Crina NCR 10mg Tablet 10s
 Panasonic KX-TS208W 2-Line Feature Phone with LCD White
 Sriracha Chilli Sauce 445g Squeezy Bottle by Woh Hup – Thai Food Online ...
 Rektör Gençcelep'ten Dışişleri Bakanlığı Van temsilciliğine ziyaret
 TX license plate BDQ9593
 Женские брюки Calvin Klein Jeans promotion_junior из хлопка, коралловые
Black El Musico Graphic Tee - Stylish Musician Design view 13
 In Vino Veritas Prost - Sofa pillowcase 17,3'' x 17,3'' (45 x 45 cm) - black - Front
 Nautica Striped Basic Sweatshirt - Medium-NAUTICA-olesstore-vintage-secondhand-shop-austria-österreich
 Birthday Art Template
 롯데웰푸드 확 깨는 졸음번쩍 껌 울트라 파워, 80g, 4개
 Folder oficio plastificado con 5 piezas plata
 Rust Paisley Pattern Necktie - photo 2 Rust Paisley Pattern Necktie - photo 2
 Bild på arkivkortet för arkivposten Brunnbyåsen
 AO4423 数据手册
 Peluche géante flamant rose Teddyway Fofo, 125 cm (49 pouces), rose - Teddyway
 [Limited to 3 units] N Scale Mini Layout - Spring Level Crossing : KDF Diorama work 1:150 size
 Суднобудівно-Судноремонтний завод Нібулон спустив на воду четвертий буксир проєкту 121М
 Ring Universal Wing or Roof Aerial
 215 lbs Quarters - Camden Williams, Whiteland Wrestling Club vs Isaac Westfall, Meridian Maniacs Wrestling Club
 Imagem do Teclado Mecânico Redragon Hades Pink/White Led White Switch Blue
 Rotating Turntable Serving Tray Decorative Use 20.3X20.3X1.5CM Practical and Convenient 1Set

§ §

Brief
Retype the entries exactly, please. Leave no line out.

Result of this task
Crina NCR 10mg Tablet 10s
 Panasonic KX-TS208W 2-Line Feature Phone with LCD White
 Sriracha Chilli Sauce 445g Squeezy Bottle by Woh Hup – Thai Food Online ...
 Rektör Gençcelep'ten Dışişleri Bakanlığı Van temsilciliğine ziyaret
 TX license plate BDQ9593
 Женские брюки Calvin Klein Jeans promotion_junior из хлопка, коралловые
Black El Musico Graphic Tee - Stylish Musician Design view 13
 In Vino Veritas Prost - Sofa pillowcase 17,3'' x 17,3'' (45 x 45 cm) - black - Front
 Nautica Striped Basic Sweatshirt - Medium-NAUTICA-olesstore-vintage-secondhand-shop-austria-österreich
 Birthday Art Template
 롯데웰푸드 확 깨는 졸음번쩍 껌 울트라 파워, 80g, 4개
 Folder oficio plastificado con 5 piezas plata
 Rust Paisley Pattern Necktie - photo 2 Rust Paisley Pattern Necktie - photo 2
 Bild på arkivkortet för arkivposten Brunnbyåsen
 AO4423 数据手册
 Peluche géante flamant rose Teddyway Fofo, 125 cm (49 pouces), rose - Teddyway
 [Limited to 3 units] N Scale Mini Layout - Spring Level Crossing : KDF Diorama work 1:150 size
 Суднобудівно-Судноремонтний завод Нібулон спустив на воду четвертий буксир проєкту 121М
 Ring Universal Wing or Roof Aerial
 215 lbs Quarters - Camden Williams, Whiteland Wrestling Club vs Isaac Westfall, Meridian Maniacs Wrestling Club
 Imagem do Teclado Mecânico Redragon Hades Pink/White Led White Switch Blue
 Rotating Turntable Serving Tray Decorative Use 20.3X20.3X1.5CM Practical and Convenient 1Set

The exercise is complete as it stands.